**Entries provided:**
____

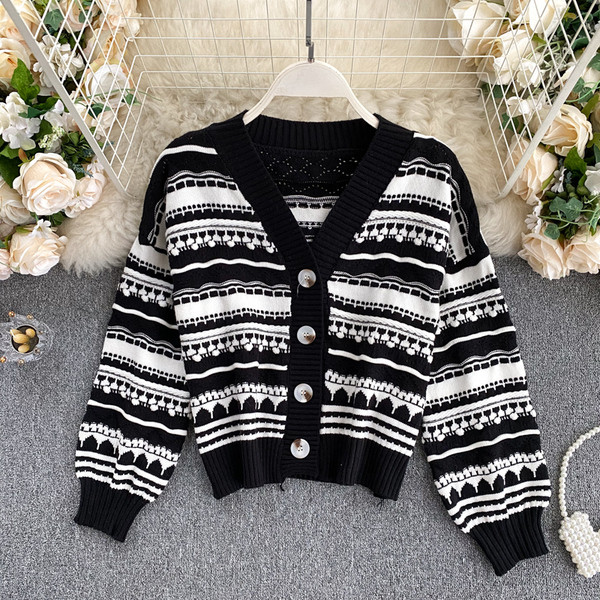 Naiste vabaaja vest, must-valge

____

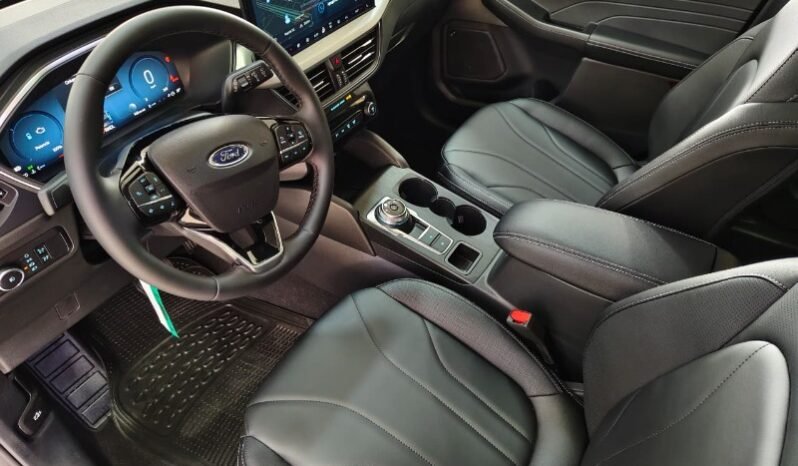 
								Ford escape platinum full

____

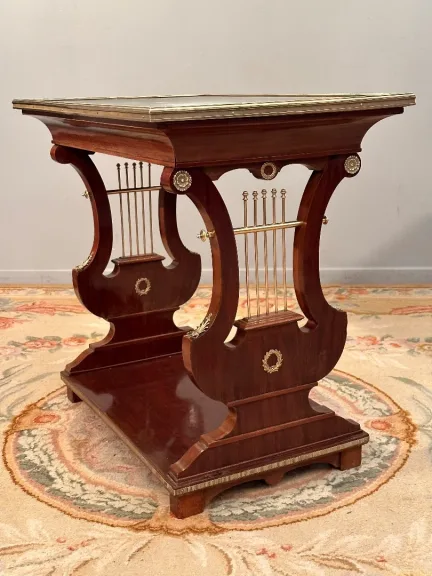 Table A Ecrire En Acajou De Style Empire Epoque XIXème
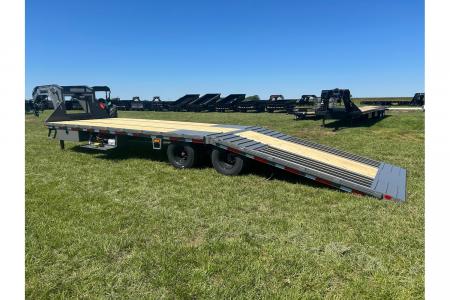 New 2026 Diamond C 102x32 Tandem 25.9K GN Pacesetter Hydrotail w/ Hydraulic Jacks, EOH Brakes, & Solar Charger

____

Could the stretch from the line with "Table A Ecrire" through the line with "New 2026 Diamond" in the listing above be restated word for word, minus the pictures?

 Table A Ecrire En Acajou De Style Empire Epoque XIXème
 New 2026 Diamond C 102x32 Tandem 25.9K GN Pacesetter Hydrotail w/ Hydraulic Jacks, EOH Brakes, & Solar Charger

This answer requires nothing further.